Что значит мечтать о прошлом? Желать вернуться в него? Пытаться мысленно исправить? Хорошо если дни вчерашние были наполнены светом, но можно ли мечтать обо всем том, что омрачало пережитое? И не являются ли мечты эти разочарованием в настоящем?

Короче, Лялька не спешила соглашаться с первою частью афоризма. Может оттого что воспоминанием для нее было все то, что запечатлелось в памяти, что-то реальное, которое время от времени накатывало и заставляло то улыбнуться, а то и всплакнуть.

Хотя, иногда, Лялька ловила себя на мысли о том, что свойственно ей прошлое свое в воспоминаниях приукрашивать, романтизировать что ли, или напротив излишне драматизировать, ностальгировать по нему, порой противится случившемуся, что-то оправдывать, что-то переосмысливать. Может быть все это и называется мечтой о прошлом? Кто знает.

В воспоминание же о будущем Лялька как будто бы верила. Временами казалось ей, что некоторые моменты бытия ее повторяются, она когда-то уже проживала их, может быть в мечтах своих, или в прошлых жизнях. Да, определенно Лялька когда-то существовала на этом свете, и сейчас мечтательно словно бы вспоминала, что же ждет ее впереди.

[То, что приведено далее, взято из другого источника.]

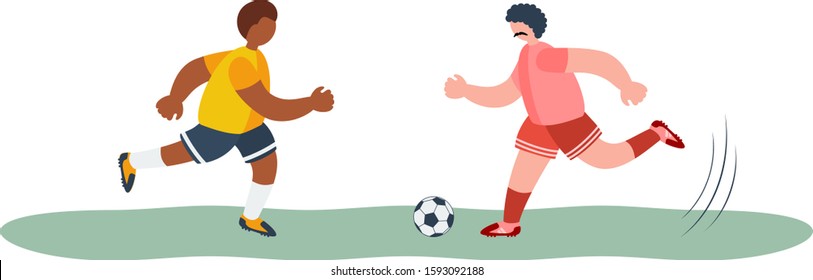 Two football players on the field fighting for the ball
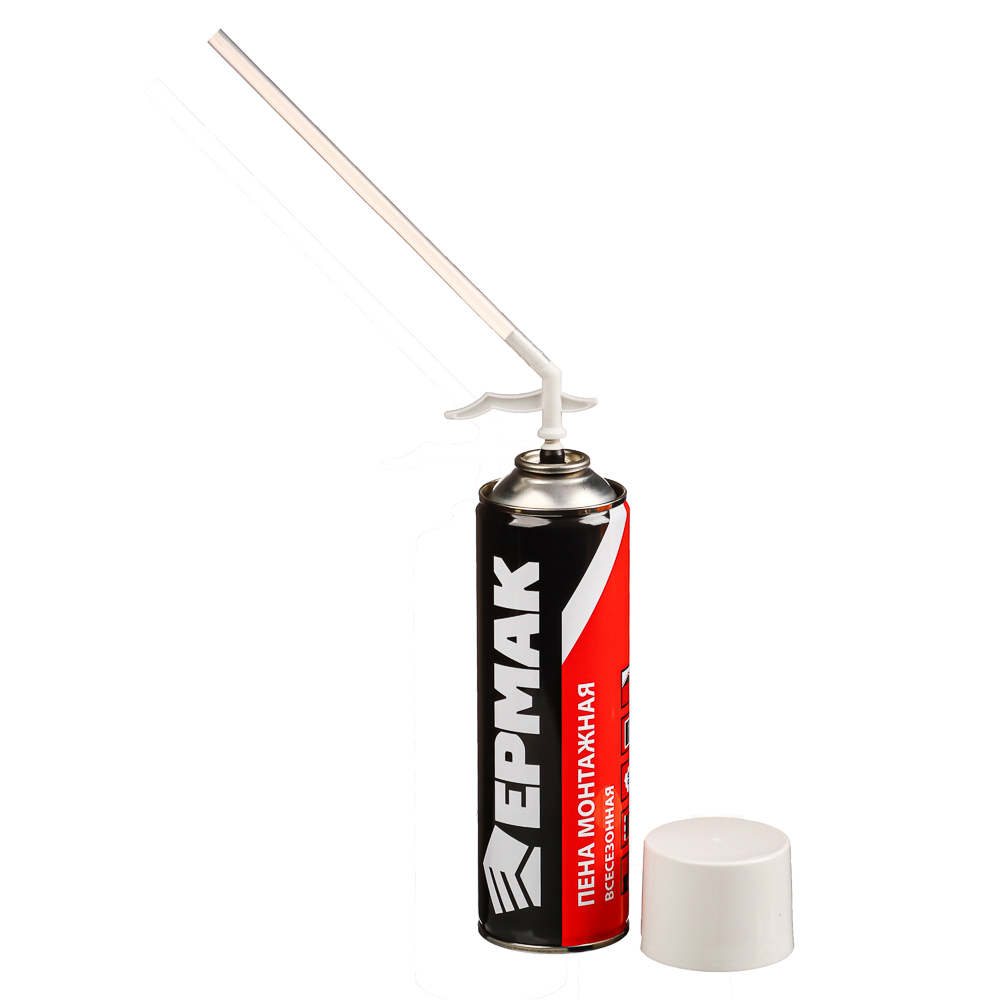 Пена монтажная тм ЕРМАК, всесезон, баллон 650мл, м.брутто 330г, трубка, выход до 12л, арт.№ 669-172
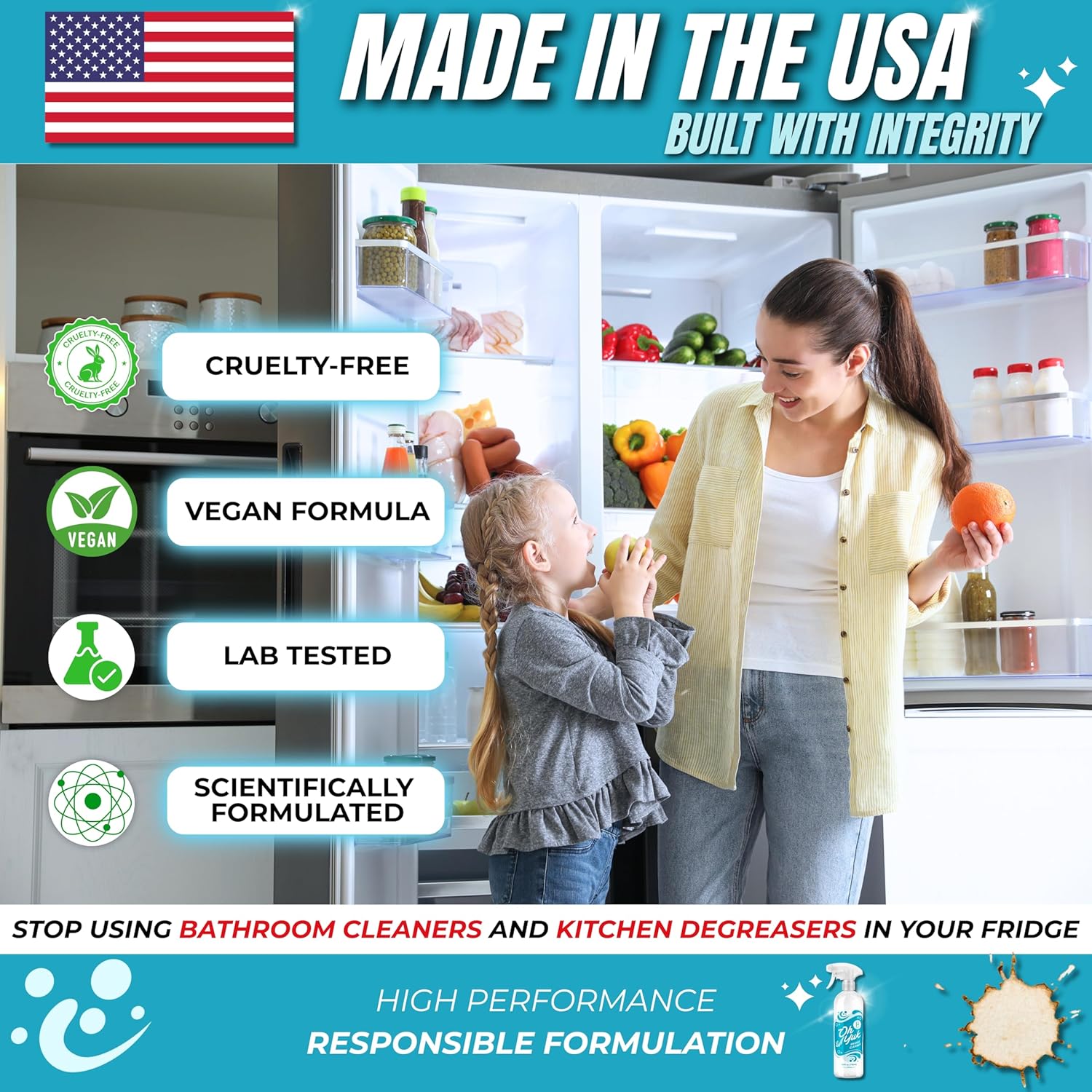 Oh Yuk Fridge Cleaner – Cleans Inside Refrigerator for Spotless, Food-Contact Safe Surfaces | Biodegradable, Vegan, Cruelty-Free | Effortlessly Lifts Sticky Messes & Dried-On Food | Spray Bottle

Мечты о прошлом, воспоминания о будущем, так или иначе, но Ляля знала, что мечты действительно соединяют прошлое и будущее.

В детстве, перед сном, она частенько предавалась фантазиям о своей грядущей взрослой жизни. В грезах её непременно присутствовали великие трудности, которые надобно было стоически преодолеть, чтобы стать всеми любимой и всем нужной, а если что-то в Лялиных витаниях в облаках вдруг переставало ей нравиться, то, засыпая, она просто обещала себе перемечтать завтра все по новому, ведь дитя определенно точно знало, что в «прекрасном далеко» все будет хорошо.

Пребывая же в этом самом «далеко», Лялька ностальгировала по ребячьим фантазиям своим, которые с годами становились все более осязаемы, приземлены. Нет-нет Ляля вовсе не путала фантазии с обыкновенными житейскими планами, но былая легкость, с которою они рождались в детстве и юности, равно как и их безумие, нереальность, стали под тяжестью приобретенного житейского опыта куда-то исчезать. А те, которые все же обретали формы на страницах летописи ее жизни, как говорится, не то-что перемечтать, - топором вырубить не получится.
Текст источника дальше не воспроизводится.